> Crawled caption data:
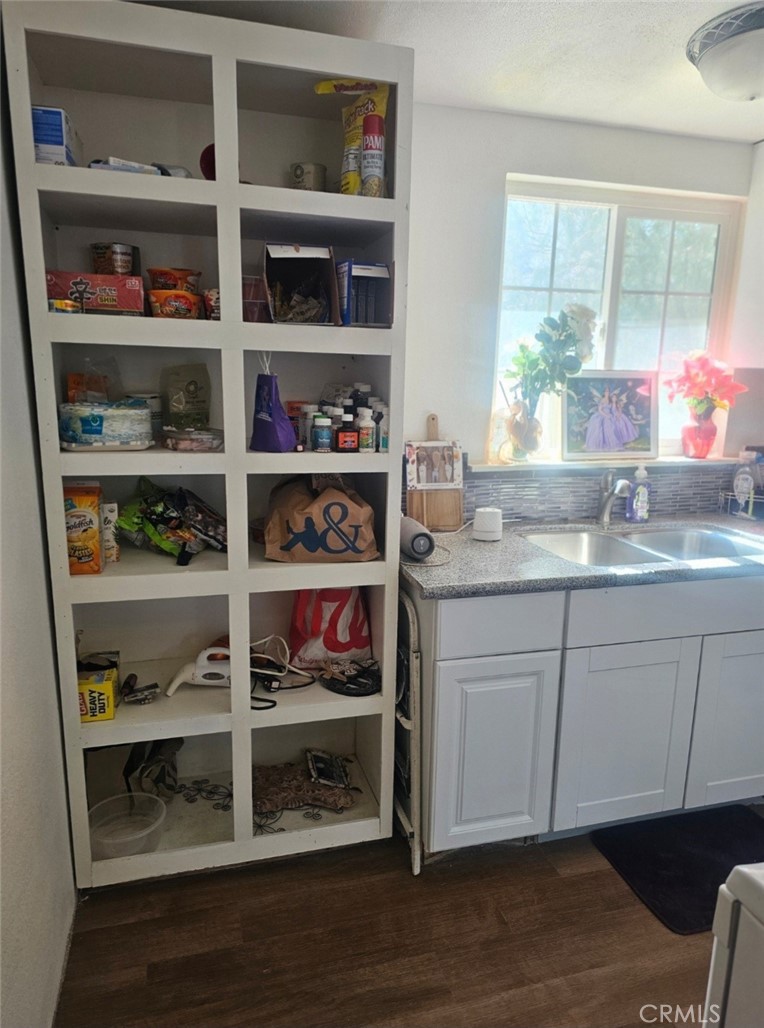 13391 Mesquite Road Whitewater, CA 92282 - Photo 4 of 17 a kitchen with an oven a cabinets and a window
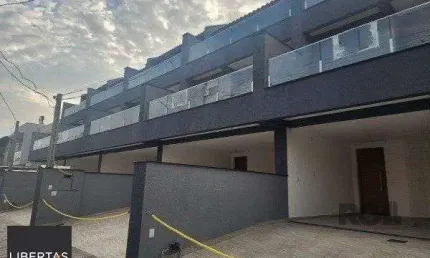 Casa 3 dormitórios com 1 suíte, vaga condomínio Jardins do Prado bairro Hípica Porto Alegre rs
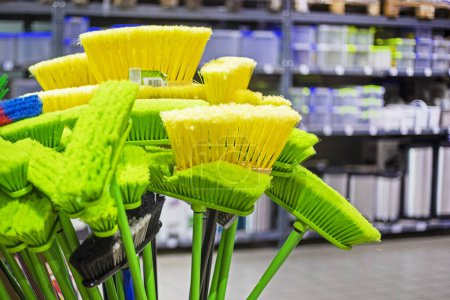 Photo for Yellow and green mops brooms for cleaning in the store - Royalty Free Image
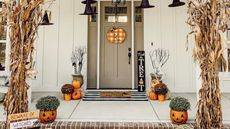 Halloween outdoor decor ideas with sage painted front door, gingham check pumpkin plaque pumpkin planters and floating witches hats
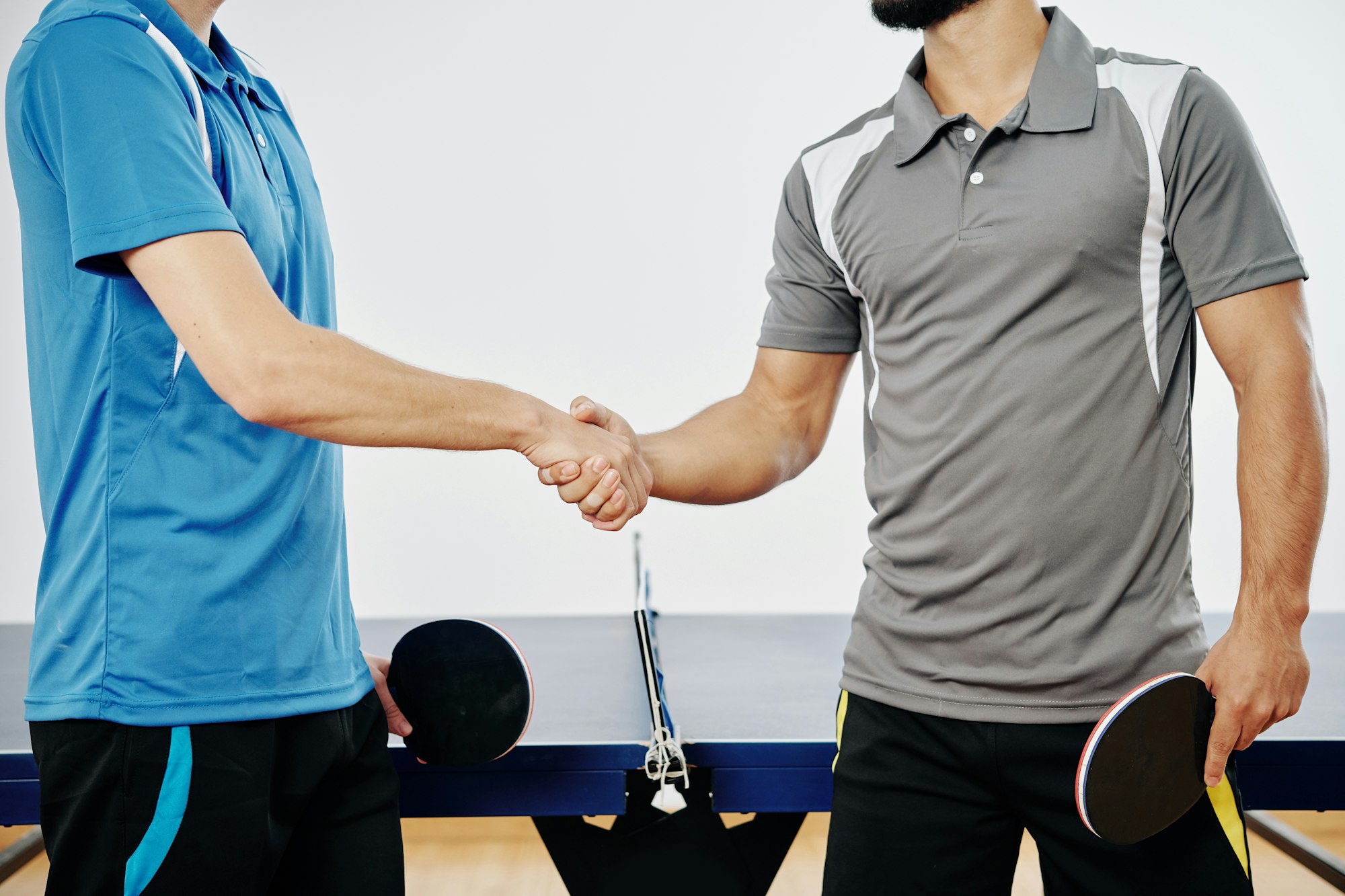 Ping pong players shaking hands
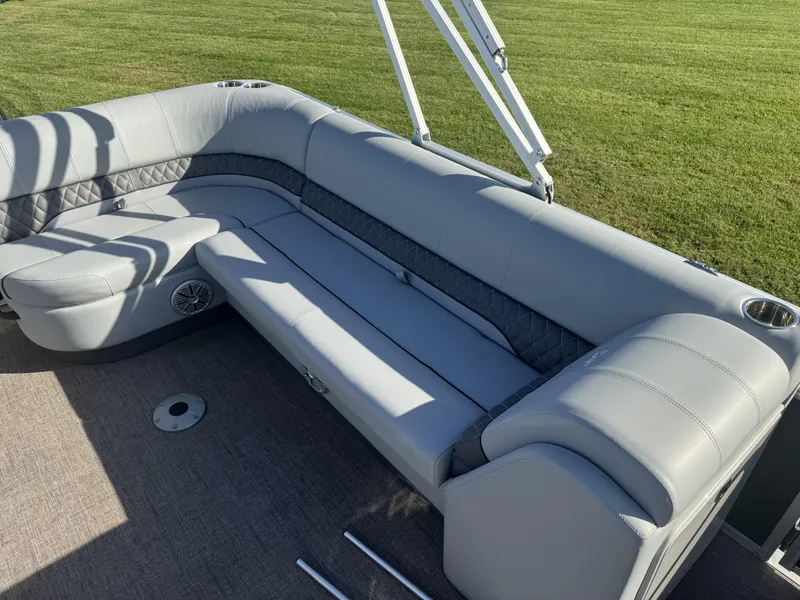 Slide: The Image of 2019 Ranger Reata 223C boat interior with gray seating and cup holders. - 6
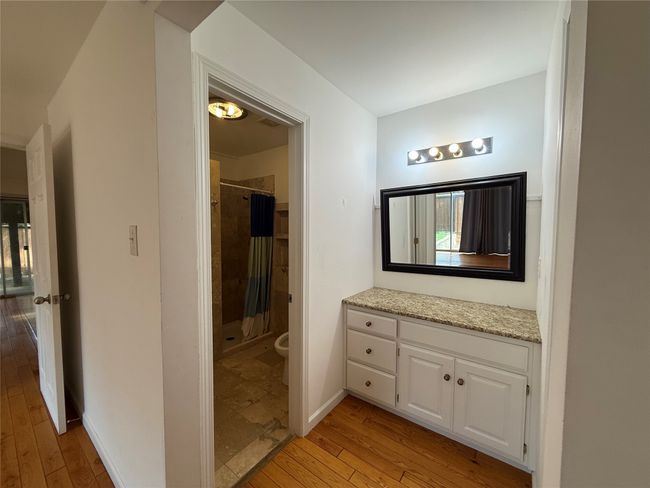 Bathroom featuring hardwood / wood-style flooring, a tile shower, and vanity | Image 11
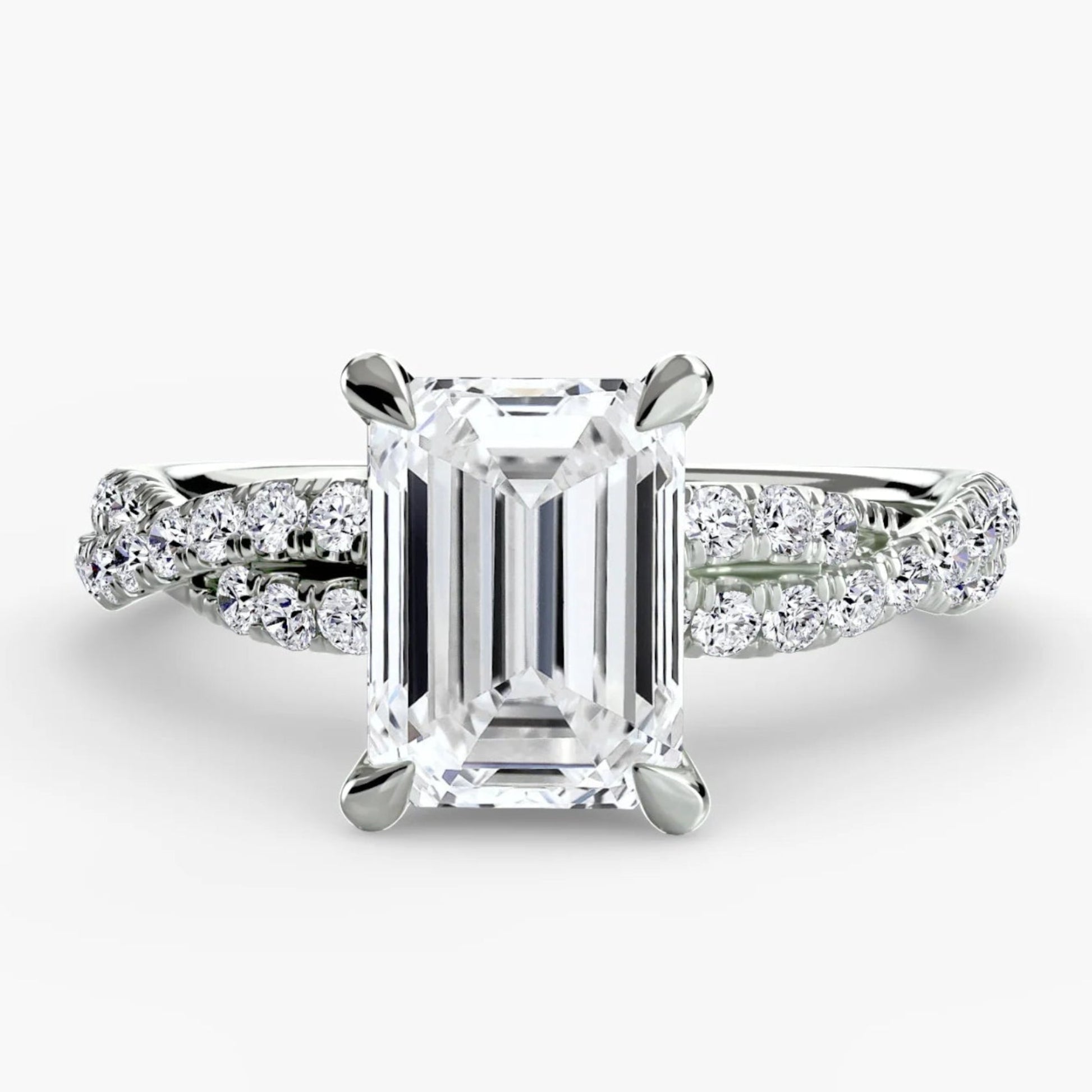 Diamond ring with emerald-cut center stone on a white background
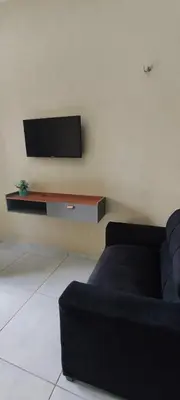 Uma televisão e/ou sistema de entretenimento em Casa do paraíso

> Task goal: Would you copy each line above exactly as given, dropping any images?

> Exercise output:
 13391 Mesquite Road Whitewater, CA 92282 - Photo 4 of 17 a kitchen with an oven a cabinets and a window
 Casa 3 dormitórios com 1 suíte, vaga condomínio Jardins do Prado bairro Hípica Porto Alegre rs
 Photo for Yellow and green mops brooms for cleaning in the store - Royalty Free Image
 Halloween outdoor decor ideas with sage painted front door, gingham check pumpkin plaque pumpkin planters and floating witches hats
 Ping pong players shaking hands
 Slide: The Image of 2019 Ranger Reata 223C boat interior with gray seating and cup holders. - 6
 Bathroom featuring hardwood / wood-style flooring, a tile shower, and vanity | Image 11
 Diamond ring with emerald-cut center stone on a white background
 Uma televisão e/ou sistema de entretenimento em Casa do paraíso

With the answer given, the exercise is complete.